> **Exercise instructions**: Every line from the first record below down to the line that includes "Alright, so what" must be reproduced exactly; the pictures are not.

> **Provided records**:
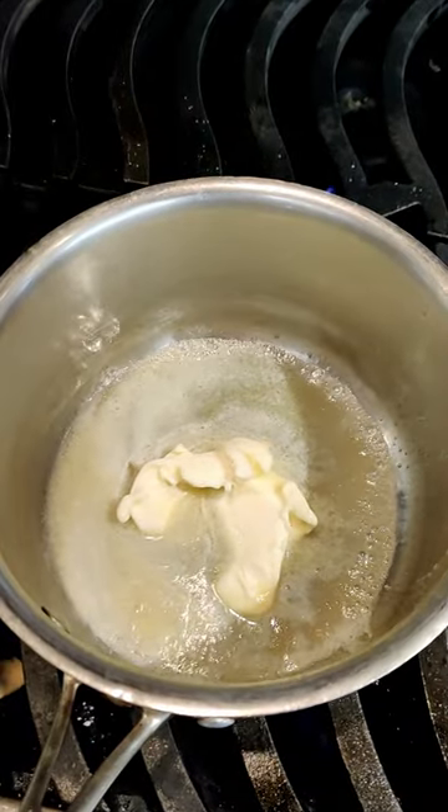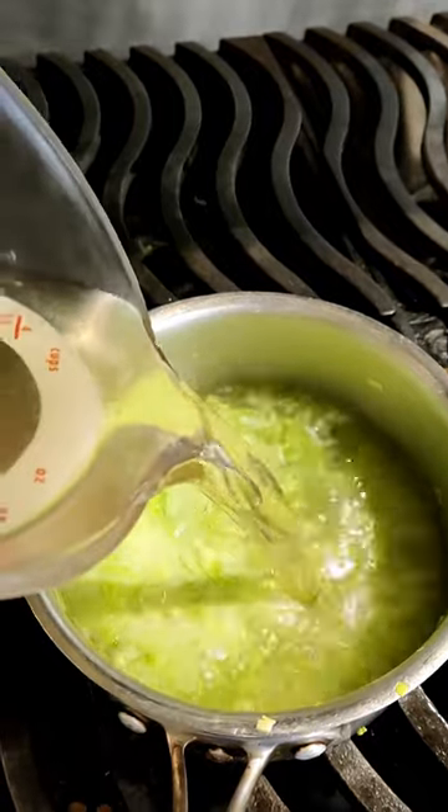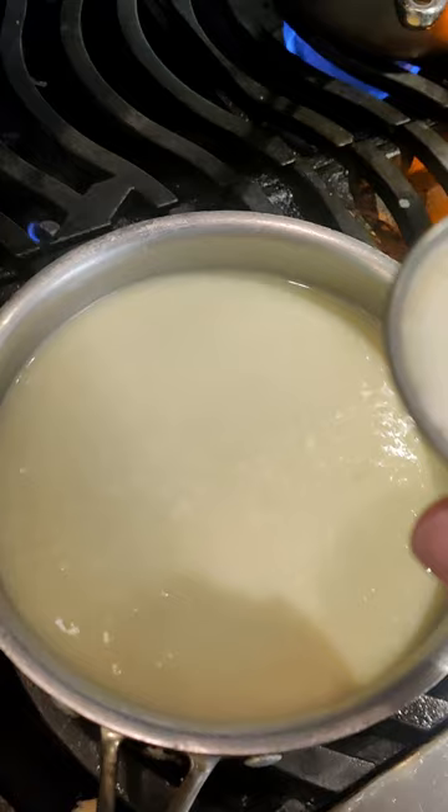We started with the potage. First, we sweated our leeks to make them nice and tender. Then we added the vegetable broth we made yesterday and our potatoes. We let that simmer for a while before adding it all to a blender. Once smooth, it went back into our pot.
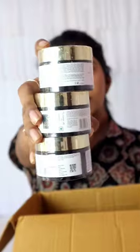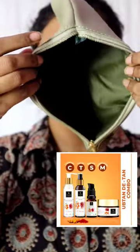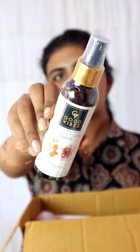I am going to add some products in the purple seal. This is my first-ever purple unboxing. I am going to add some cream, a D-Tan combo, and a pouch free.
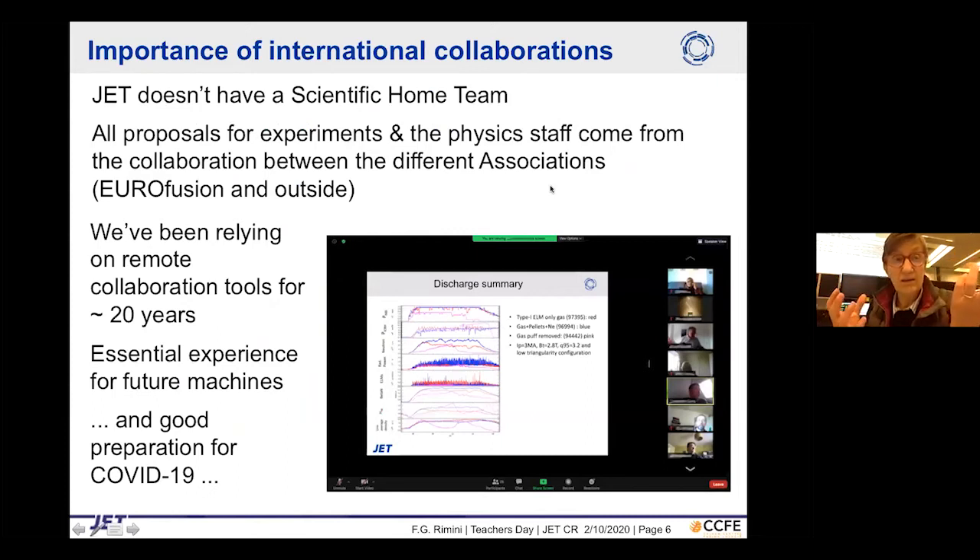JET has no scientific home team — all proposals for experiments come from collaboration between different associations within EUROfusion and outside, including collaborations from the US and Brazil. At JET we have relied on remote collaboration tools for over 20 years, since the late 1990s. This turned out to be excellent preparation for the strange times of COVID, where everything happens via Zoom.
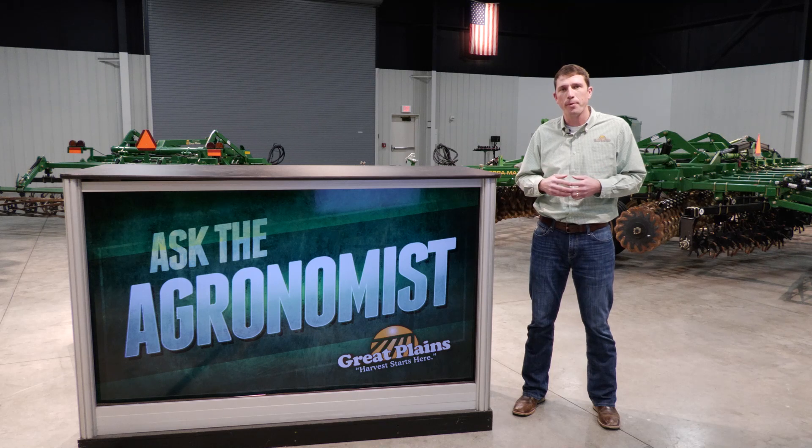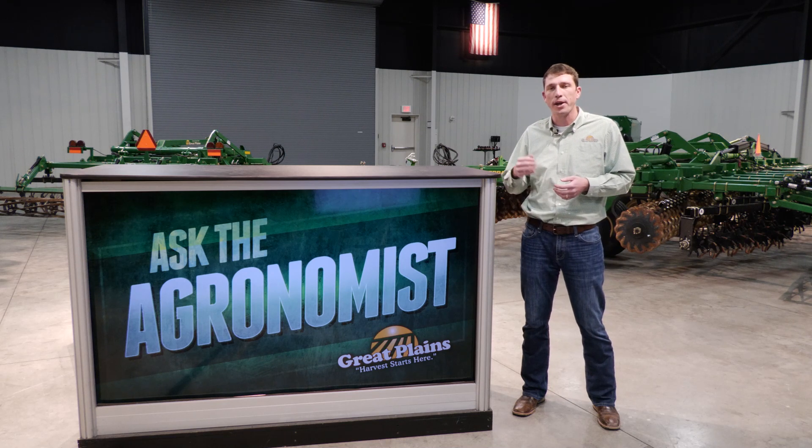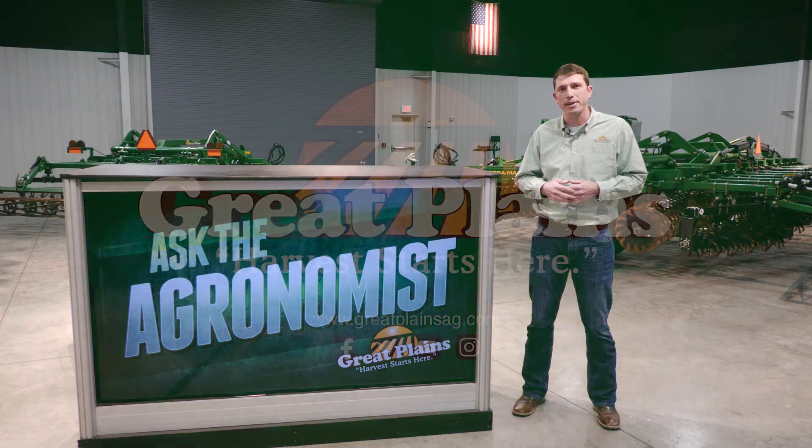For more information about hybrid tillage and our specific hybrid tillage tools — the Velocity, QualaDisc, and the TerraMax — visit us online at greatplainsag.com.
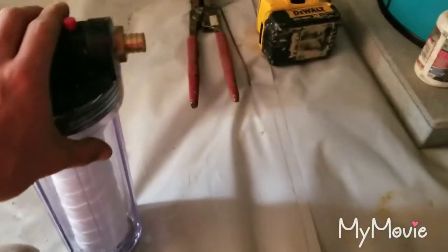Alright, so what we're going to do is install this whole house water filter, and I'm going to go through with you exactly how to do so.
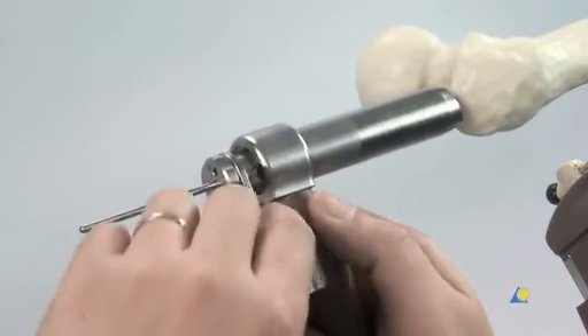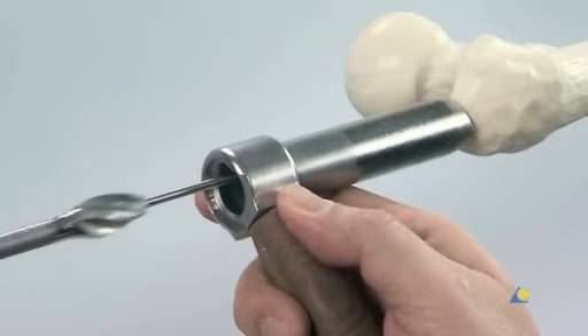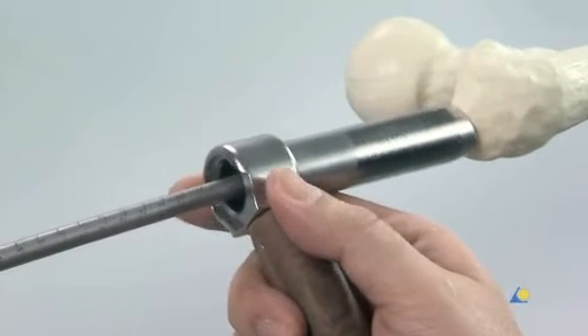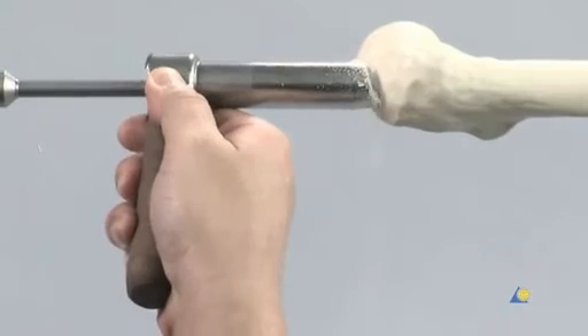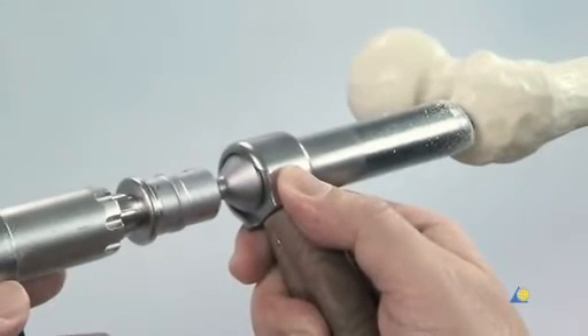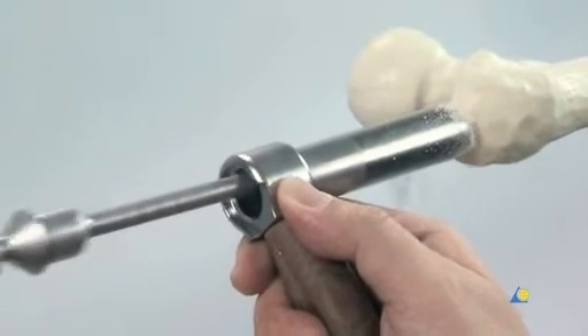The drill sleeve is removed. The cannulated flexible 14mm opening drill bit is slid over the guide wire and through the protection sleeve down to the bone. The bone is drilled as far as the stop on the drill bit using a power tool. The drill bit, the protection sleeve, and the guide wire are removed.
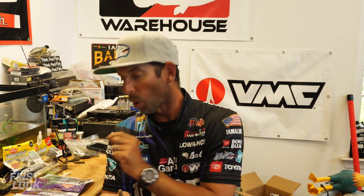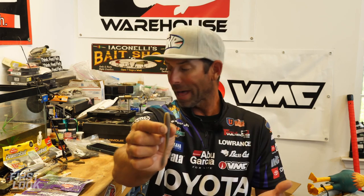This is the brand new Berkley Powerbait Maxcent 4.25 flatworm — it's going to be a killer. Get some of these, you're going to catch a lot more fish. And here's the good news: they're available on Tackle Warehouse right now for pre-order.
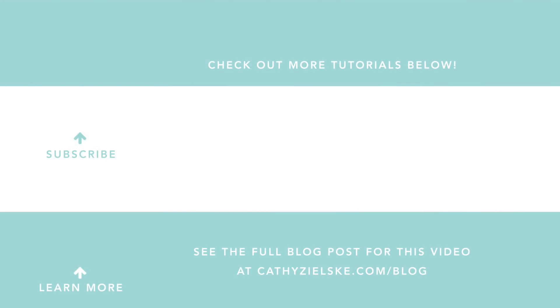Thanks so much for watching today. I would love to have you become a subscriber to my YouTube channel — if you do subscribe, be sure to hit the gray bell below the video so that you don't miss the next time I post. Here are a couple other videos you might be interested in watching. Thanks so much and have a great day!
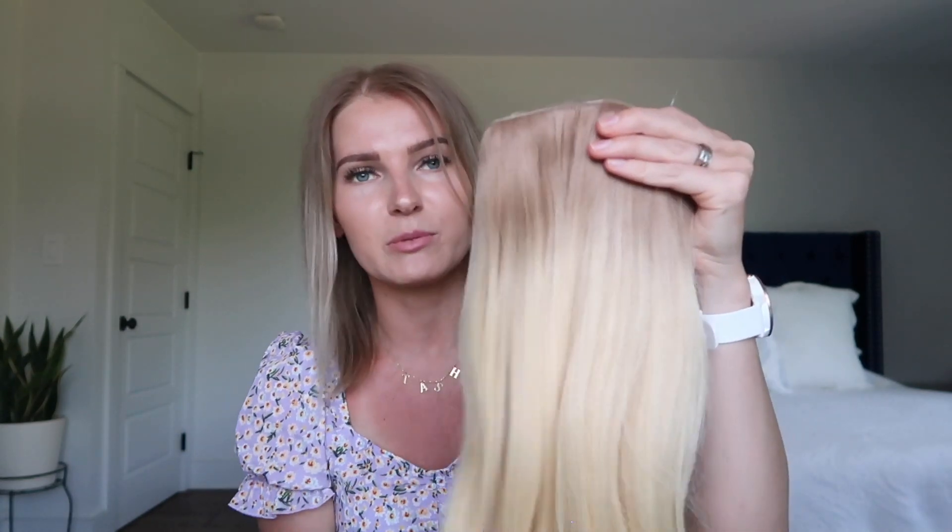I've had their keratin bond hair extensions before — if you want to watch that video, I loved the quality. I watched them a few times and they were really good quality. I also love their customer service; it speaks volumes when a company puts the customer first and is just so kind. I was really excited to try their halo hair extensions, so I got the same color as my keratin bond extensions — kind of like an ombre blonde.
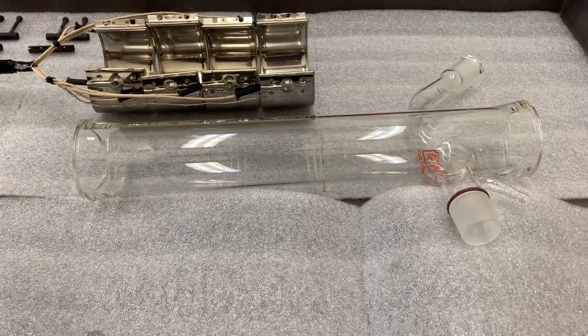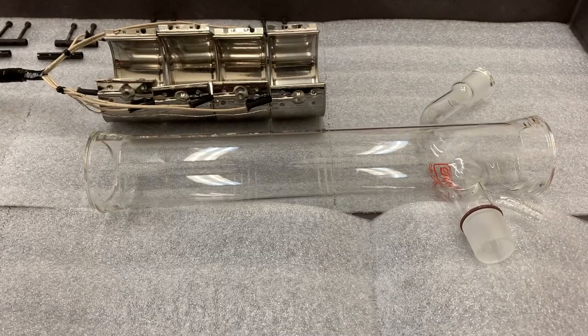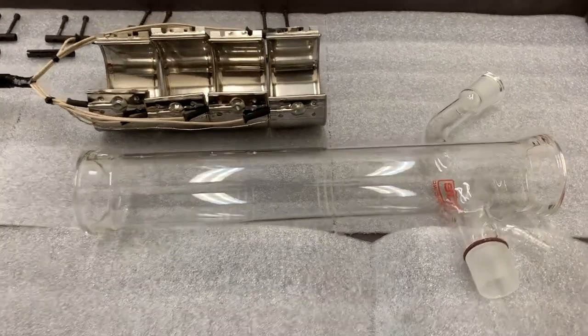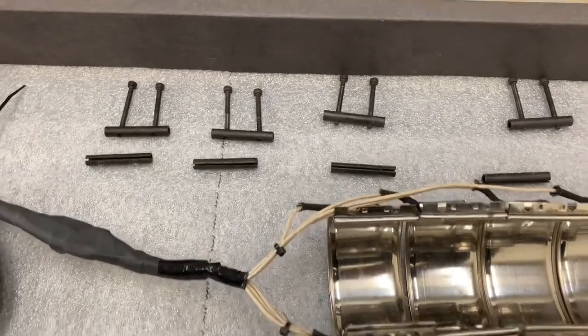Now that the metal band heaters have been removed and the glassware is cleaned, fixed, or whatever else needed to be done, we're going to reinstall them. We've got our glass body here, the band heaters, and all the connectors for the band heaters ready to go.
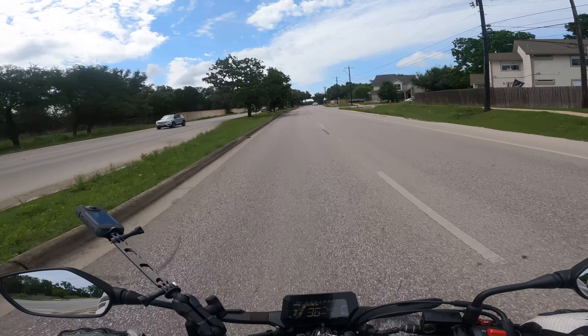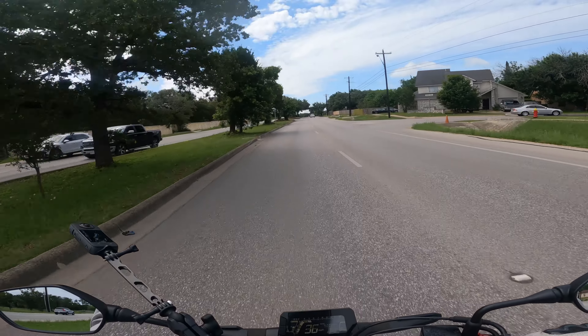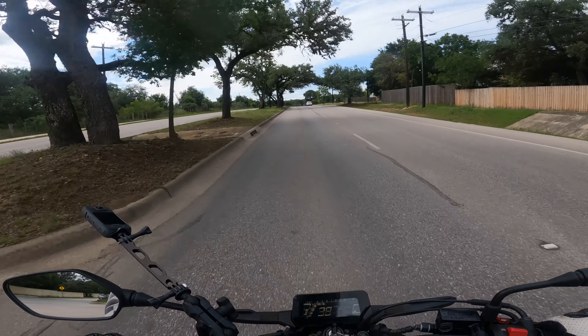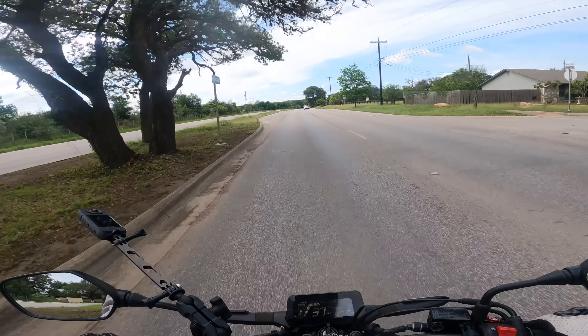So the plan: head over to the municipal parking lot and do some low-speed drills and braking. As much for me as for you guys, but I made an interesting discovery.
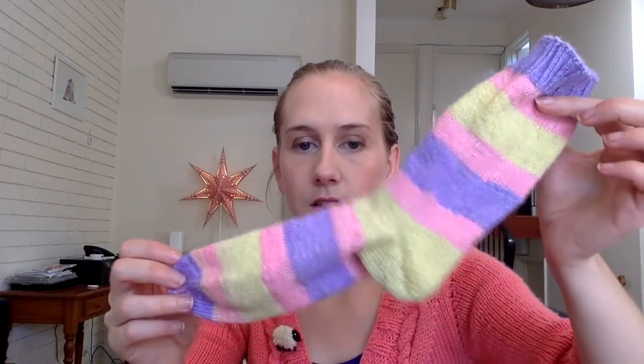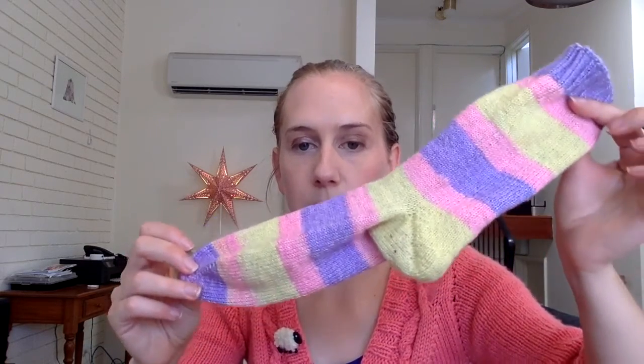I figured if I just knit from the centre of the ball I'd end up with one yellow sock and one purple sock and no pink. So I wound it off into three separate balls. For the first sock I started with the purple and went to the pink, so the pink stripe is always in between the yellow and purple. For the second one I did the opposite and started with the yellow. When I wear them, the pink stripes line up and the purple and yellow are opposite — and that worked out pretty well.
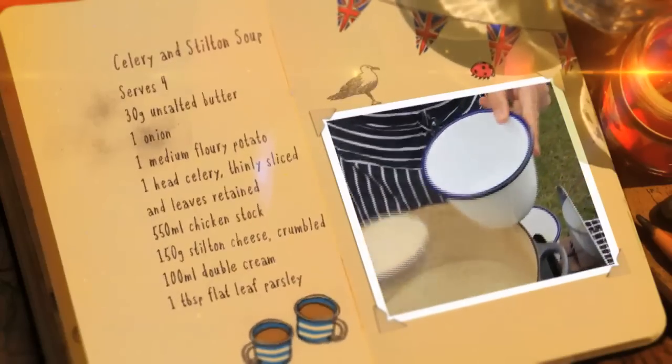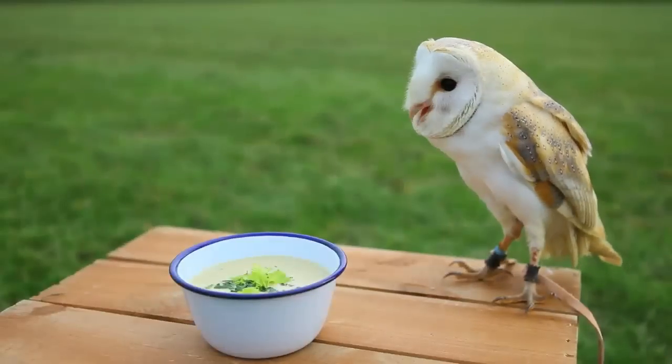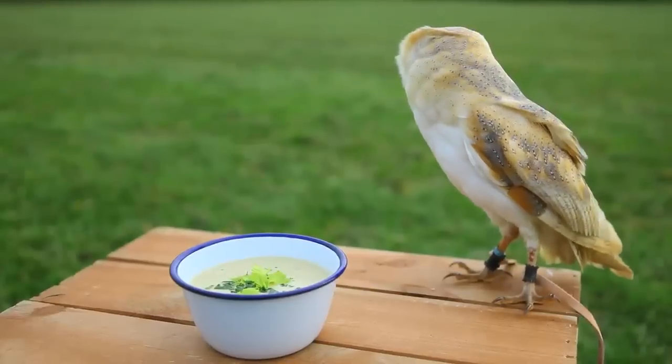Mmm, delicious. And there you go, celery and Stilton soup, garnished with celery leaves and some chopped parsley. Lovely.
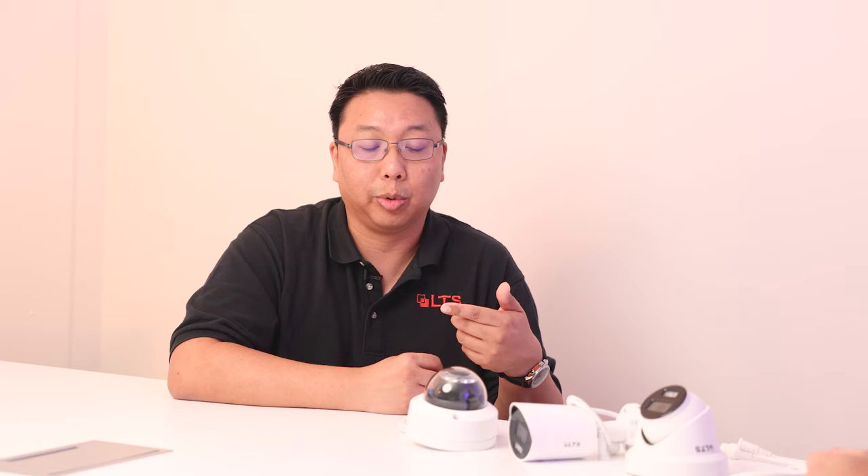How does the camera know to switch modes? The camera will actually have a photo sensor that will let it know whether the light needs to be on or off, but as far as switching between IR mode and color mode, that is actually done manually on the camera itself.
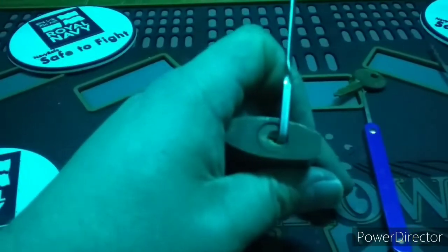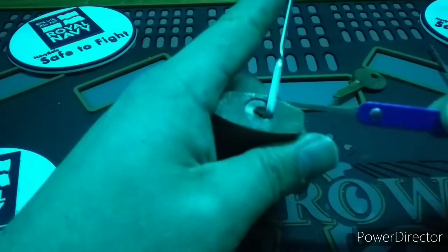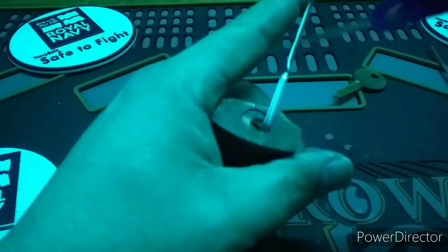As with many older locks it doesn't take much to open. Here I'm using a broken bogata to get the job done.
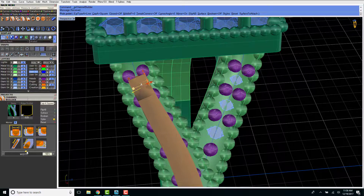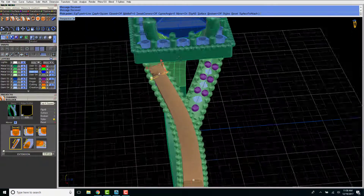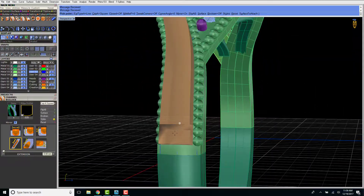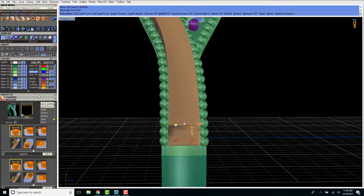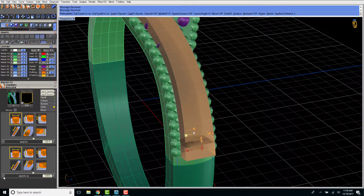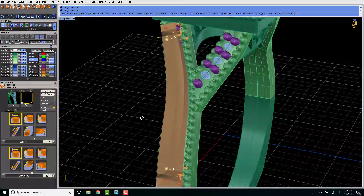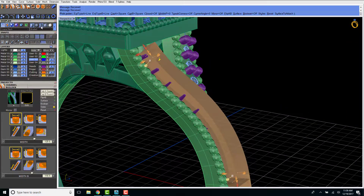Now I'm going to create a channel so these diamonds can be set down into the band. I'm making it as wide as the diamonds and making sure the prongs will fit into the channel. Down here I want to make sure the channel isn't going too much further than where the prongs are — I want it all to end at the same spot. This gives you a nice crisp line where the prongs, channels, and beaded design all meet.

> **Result below**:
We started with the potage. First, we sweated our leeks to make them nice and tender. Then we added the vegetable broth we made yesterday and our potatoes. We let that simmer for a while before adding it all to a blender. Once smooth, it went back into our pot.
I am going to add some products in the purple seal. This is my first-ever purple unboxing. I am going to add some cream, a D-Tan combo, and a pouch free.
JET has no scientific home team — all proposals for experiments come from collaboration between different associations within EUROfusion and outside, including collaborations from the US and Brazil. At JET we have relied on remote collaboration tools for over 20 years, since the late 1990s. This turned out to be excellent preparation for the strange times of COVID, where everything happens via Zoom.
For more information about hybrid tillage and our specific hybrid tillage tools — the Velocity, QualaDisc, and the TerraMax — visit us online at greatplainsag.com.
Alright, so what we're going to do is install this whole house water filter, and I'm going to go through with you exactly how to do so.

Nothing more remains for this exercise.